This week saw a public disclosure of a control system security vulnerability at the 2016 Industrial Control Systems (ICS) Cyber Security Conference (the old Joe Weiss conference under new management). Indegy CTO Mille Gandelsman presented a talk, “Ghost in the Machine: SCADA Vulnerability Enables Remote Control of ICS Networks”, about a vulnerability in the Schneider UnityPro software platform. This was a coordinated disclosure with Schneider publishing a Security Notification concerning the vulnerability.

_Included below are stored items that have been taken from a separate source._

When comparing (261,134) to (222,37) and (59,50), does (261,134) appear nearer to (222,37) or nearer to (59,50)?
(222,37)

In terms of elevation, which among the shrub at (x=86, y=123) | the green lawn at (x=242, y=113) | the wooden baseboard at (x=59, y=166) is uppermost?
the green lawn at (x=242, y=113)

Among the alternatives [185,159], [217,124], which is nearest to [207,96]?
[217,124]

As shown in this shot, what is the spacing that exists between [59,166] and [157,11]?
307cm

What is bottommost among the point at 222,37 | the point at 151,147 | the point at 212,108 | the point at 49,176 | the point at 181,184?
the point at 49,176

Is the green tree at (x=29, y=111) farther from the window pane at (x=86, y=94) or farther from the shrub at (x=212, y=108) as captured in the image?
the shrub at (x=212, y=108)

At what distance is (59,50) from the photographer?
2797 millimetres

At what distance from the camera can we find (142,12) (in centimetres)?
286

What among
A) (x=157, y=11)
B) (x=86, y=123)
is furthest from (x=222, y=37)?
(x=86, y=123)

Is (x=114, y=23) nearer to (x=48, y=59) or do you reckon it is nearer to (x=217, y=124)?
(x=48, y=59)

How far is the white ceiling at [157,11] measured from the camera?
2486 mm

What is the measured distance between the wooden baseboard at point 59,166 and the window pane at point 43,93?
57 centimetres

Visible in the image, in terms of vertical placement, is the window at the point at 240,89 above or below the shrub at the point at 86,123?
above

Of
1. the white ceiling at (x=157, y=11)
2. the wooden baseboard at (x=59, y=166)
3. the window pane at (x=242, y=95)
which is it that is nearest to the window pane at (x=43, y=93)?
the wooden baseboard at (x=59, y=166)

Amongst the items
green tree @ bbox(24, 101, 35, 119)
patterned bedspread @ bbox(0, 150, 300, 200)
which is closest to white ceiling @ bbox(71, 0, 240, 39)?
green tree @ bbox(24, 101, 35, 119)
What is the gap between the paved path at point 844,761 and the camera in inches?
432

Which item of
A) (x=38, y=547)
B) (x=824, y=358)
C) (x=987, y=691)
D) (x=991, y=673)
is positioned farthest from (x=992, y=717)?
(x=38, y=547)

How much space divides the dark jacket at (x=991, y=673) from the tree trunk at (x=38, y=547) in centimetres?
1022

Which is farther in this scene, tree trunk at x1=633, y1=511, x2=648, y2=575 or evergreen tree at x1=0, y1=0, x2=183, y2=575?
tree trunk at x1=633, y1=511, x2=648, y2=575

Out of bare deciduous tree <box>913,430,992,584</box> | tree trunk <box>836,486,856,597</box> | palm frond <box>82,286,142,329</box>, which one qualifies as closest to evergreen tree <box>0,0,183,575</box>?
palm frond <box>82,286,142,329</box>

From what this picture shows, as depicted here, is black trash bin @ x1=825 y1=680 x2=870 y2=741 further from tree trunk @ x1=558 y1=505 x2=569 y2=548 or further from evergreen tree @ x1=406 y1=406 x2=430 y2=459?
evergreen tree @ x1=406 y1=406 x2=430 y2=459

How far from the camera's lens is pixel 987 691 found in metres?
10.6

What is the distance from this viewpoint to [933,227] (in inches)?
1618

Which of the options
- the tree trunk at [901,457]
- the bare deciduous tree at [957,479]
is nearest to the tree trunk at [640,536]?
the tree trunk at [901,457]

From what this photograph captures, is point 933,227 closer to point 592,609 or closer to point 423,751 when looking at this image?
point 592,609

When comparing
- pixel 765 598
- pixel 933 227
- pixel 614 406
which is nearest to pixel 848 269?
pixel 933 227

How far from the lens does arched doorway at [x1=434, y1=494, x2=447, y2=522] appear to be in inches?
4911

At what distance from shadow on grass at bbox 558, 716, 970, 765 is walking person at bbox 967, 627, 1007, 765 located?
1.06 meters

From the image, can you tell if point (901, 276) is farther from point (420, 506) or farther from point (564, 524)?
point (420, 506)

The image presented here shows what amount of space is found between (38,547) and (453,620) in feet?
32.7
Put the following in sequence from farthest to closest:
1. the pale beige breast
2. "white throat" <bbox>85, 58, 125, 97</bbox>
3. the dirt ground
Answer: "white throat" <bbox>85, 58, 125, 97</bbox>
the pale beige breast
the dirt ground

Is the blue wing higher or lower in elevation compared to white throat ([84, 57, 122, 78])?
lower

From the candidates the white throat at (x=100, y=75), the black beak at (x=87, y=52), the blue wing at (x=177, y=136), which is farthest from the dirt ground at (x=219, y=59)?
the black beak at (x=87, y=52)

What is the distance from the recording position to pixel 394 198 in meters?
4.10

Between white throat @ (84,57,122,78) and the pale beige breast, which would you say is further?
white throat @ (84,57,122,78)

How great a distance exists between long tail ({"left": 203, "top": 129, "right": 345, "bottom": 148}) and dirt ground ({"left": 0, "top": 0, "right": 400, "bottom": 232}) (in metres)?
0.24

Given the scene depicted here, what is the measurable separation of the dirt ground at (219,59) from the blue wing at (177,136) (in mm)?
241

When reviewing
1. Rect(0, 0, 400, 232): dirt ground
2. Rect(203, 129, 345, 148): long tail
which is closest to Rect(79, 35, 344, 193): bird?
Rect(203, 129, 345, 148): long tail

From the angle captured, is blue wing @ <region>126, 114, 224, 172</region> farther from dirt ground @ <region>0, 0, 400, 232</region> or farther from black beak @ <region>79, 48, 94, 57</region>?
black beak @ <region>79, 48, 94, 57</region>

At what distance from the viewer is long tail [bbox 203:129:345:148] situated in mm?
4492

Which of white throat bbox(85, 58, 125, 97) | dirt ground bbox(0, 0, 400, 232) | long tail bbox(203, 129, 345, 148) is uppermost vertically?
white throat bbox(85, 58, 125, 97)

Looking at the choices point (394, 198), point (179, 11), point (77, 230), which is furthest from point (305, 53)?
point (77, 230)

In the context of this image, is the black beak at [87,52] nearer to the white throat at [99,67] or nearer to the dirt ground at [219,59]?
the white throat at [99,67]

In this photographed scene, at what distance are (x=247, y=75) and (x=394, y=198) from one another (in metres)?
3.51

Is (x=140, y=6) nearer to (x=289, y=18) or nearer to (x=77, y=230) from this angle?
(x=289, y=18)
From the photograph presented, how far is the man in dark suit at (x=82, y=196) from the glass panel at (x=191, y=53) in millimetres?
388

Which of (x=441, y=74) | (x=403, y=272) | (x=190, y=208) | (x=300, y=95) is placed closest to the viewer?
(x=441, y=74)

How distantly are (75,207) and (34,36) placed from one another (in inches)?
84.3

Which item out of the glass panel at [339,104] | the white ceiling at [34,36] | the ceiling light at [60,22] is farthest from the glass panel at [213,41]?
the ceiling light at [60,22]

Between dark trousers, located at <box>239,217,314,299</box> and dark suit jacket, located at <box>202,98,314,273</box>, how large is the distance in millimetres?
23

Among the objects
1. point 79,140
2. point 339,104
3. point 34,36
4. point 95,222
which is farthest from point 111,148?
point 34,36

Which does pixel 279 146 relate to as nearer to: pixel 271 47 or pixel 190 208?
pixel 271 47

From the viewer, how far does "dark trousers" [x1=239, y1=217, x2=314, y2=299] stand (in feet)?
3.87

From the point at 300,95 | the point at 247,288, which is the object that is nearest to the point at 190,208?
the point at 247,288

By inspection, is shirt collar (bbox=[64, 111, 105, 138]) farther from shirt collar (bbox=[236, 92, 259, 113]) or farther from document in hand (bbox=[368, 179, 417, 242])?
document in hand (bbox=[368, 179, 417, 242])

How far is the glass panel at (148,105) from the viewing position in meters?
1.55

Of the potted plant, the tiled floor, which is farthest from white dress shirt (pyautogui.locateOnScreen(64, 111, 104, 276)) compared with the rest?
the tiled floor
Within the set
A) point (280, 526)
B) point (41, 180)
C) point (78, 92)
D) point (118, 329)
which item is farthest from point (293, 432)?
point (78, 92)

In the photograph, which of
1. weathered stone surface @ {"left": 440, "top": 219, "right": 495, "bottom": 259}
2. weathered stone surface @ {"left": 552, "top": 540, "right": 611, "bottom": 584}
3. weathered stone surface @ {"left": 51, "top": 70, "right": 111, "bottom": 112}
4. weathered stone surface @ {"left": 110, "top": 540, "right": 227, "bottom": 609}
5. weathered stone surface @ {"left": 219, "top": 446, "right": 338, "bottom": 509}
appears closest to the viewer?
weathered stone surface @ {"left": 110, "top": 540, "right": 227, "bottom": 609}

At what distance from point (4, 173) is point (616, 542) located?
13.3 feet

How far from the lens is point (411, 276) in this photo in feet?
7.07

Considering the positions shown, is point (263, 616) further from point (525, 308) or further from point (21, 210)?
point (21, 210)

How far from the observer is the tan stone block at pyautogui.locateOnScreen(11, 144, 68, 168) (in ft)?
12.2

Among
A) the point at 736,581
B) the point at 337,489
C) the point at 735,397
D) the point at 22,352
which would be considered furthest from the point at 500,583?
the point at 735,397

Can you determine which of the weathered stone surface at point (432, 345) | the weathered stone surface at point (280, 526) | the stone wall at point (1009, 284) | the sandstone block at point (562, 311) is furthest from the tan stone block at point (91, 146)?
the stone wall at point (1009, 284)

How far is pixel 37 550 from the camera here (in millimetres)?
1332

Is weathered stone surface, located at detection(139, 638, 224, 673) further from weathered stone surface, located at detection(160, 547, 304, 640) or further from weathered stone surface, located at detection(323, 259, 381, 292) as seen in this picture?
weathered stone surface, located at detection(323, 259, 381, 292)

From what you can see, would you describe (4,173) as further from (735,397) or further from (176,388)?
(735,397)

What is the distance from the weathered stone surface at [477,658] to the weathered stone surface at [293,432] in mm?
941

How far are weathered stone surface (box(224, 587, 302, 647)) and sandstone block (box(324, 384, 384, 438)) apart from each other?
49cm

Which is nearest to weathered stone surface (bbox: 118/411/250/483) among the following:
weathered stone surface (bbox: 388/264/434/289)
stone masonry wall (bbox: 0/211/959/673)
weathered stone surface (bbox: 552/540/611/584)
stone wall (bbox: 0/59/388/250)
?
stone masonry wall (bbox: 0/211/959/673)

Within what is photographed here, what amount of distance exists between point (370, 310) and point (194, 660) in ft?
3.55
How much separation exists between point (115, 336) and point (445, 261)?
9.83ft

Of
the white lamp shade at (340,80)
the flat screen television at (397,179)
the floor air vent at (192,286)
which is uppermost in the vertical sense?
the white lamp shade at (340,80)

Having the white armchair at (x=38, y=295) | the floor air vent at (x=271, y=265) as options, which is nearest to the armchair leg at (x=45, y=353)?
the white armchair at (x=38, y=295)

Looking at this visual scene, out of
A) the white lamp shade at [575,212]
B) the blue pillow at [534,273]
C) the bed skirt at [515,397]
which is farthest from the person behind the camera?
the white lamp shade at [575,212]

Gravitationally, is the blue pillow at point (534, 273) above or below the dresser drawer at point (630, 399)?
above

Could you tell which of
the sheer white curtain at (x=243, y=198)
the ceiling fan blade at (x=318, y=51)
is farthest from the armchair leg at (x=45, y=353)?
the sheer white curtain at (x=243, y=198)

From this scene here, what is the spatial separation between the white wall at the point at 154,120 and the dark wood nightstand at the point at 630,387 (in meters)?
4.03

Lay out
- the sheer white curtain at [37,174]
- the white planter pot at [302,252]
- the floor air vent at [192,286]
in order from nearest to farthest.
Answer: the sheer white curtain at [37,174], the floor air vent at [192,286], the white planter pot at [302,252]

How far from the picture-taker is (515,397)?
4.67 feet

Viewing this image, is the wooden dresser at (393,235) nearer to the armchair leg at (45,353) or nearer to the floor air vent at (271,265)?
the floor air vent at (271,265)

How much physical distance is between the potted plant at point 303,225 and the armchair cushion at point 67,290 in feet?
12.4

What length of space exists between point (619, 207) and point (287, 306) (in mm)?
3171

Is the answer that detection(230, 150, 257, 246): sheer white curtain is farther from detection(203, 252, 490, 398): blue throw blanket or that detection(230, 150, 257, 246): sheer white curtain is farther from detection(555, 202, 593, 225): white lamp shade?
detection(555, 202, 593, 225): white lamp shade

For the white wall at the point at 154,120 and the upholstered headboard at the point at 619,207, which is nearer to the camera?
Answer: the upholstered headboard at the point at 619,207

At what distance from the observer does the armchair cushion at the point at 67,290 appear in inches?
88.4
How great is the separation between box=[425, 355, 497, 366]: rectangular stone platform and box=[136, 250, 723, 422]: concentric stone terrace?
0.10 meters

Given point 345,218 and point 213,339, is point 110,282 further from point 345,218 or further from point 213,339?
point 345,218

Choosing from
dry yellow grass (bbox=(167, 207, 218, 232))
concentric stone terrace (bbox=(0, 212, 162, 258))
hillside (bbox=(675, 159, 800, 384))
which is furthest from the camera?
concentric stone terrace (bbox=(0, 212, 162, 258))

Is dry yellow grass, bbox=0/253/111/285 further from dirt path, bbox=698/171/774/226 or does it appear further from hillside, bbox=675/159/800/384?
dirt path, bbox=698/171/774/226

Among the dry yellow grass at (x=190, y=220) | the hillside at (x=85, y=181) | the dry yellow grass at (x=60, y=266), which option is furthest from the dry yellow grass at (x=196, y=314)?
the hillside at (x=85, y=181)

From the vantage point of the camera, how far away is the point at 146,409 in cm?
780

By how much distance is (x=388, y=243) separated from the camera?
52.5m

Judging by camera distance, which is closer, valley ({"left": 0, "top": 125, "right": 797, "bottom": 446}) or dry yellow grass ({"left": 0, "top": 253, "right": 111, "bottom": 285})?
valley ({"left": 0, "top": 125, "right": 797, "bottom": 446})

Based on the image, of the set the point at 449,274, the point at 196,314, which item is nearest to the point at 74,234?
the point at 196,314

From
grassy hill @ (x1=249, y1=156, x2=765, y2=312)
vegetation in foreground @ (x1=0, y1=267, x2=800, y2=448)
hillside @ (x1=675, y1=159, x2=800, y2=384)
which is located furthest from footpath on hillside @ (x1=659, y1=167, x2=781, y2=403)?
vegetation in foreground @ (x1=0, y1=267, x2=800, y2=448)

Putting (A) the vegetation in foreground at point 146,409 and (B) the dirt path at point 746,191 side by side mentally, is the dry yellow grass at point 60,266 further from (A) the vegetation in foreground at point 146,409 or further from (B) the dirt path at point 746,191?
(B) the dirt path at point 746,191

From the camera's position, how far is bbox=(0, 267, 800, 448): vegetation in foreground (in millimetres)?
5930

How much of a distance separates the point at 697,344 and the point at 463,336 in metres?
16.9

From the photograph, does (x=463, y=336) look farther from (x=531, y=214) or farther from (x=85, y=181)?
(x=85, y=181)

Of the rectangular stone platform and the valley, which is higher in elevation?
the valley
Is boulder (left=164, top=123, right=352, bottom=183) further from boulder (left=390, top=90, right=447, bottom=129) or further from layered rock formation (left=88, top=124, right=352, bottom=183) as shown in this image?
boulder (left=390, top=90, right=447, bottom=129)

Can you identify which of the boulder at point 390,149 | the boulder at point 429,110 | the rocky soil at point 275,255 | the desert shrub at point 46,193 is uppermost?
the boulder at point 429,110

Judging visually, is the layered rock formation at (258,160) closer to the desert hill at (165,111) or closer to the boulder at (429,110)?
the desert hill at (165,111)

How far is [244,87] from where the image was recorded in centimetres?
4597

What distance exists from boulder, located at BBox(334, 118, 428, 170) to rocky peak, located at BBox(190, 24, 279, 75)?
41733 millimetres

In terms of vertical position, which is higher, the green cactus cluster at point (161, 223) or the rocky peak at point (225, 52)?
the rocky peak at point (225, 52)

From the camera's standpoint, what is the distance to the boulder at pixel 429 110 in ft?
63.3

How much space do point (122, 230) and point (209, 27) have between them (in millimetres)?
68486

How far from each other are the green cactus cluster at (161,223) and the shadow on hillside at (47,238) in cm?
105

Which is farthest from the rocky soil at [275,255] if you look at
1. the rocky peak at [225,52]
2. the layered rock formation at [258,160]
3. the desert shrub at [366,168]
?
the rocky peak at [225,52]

Reading the Indegy blog post about this vulnerability and then looking at the Schneider notification, it almost looks like the two organizations are looking at two separate vulnerabilities. Indegy describes the vulnerability consequences this way:
“The vulnerability in Unity Pro allows any user to remotely execute code directly on any computer on which this product is installed, in debug privileges. The vulnerable software tool is present in every control network in the world that uses Schneider-Electric controllers. Regardless of the SCADA/DCS applications in use, if Schneider Electric controllers are deployed, this software will be used on the engineering workstations. This makes this attack relevant across virtually any process controlled by these PLCs. Since Schneider Electric is one of the largest industrial control equipment providers, this vulnerability is a major concern.”
Schneider simply notes: “This vulnerability is made possible when no application program has been loaded in the simulator or when the application program loaded in the simulator is not password protected.”
Schneider has produced a new version of the software that mitigates the vulnerability. They still note that: “It is up to user responsibility to protect his application by a proper password.”